Top of Input data
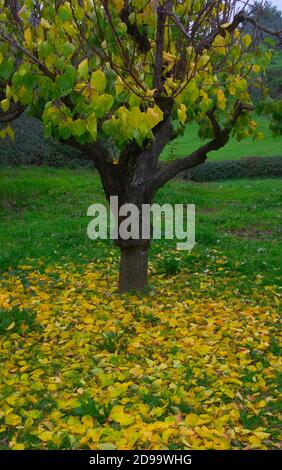 the crown of a tree with autumn colors on a transparent background ...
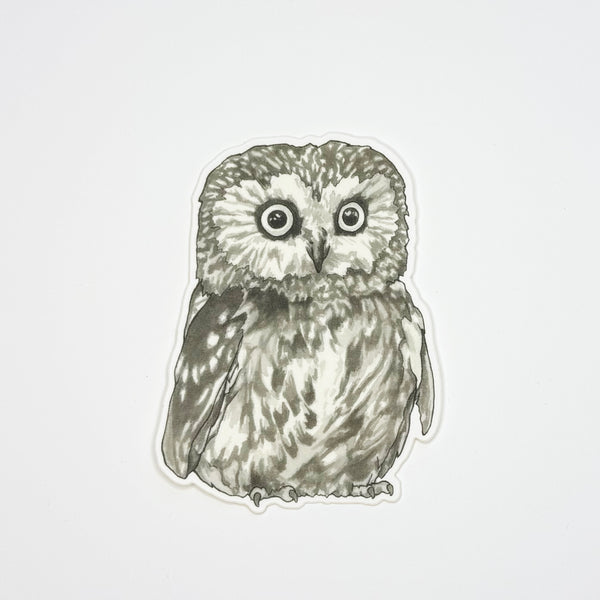 Owl Sticker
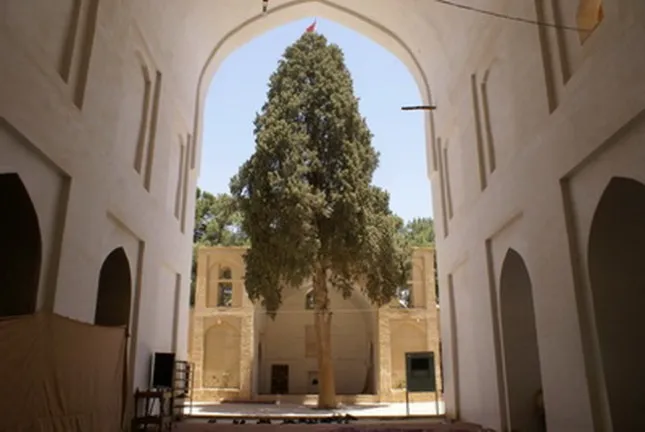 مسجد جامع نی ریز | کهن ترین مسجد فارس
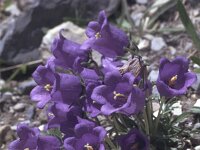 Campanula alpestris 5, Saxifraga-Eugen Schaub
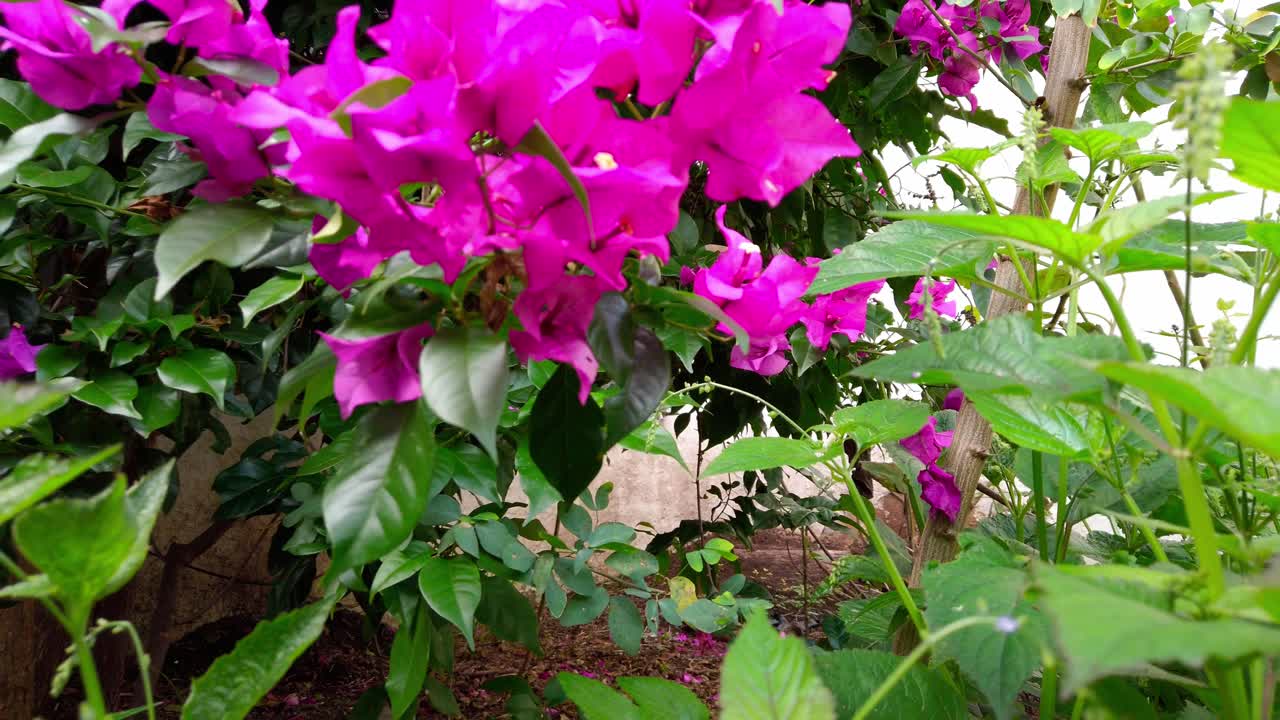 Zoom out from vivid pink bougainvillea flowers showing tropical vegetation and sunlight filtering through
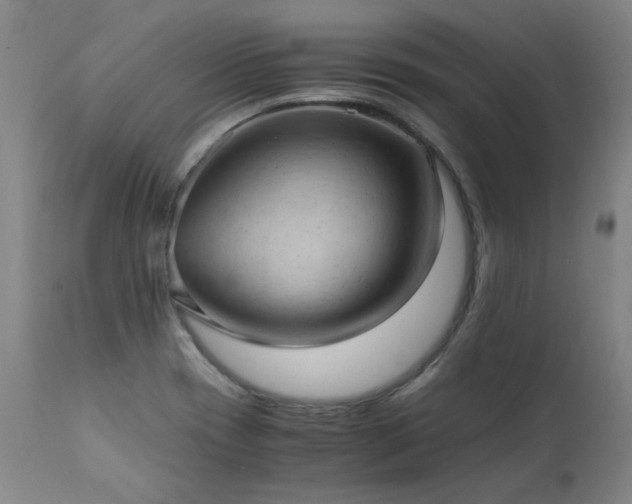 X0000111391417200907171235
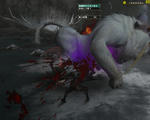 6dodo.jpg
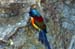 Green-tailed Sunbird (endemic)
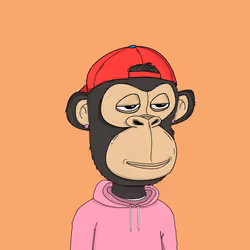 Kindergarten BabyApes #4472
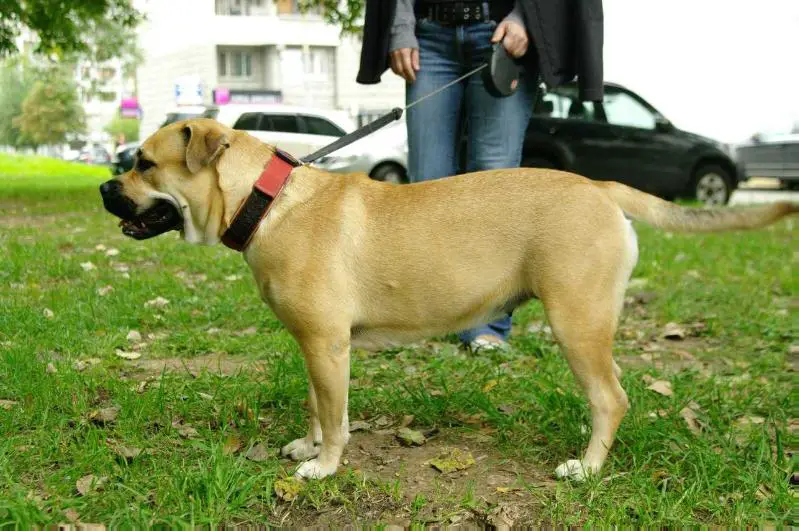 Zherika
Bottom of Input data
Reproduce each entry above word for word. Pictures are not part of the copy.

- Written solution -
 the crown of a tree with autumn colors on a transparent background ...
 Owl Sticker
 مسجد جامع نی ریز | کهن ترین مسجد فارس
 Campanula alpestris 5, Saxifraga-Eugen Schaub
 Zoom out from vivid pink bougainvillea flowers showing tropical vegetation and sunlight filtering through
 X0000111391417200907171235
 6dodo.jpg
 Green-tailed Sunbird (endemic)
 Kindergarten BabyApes #4472
 Zherika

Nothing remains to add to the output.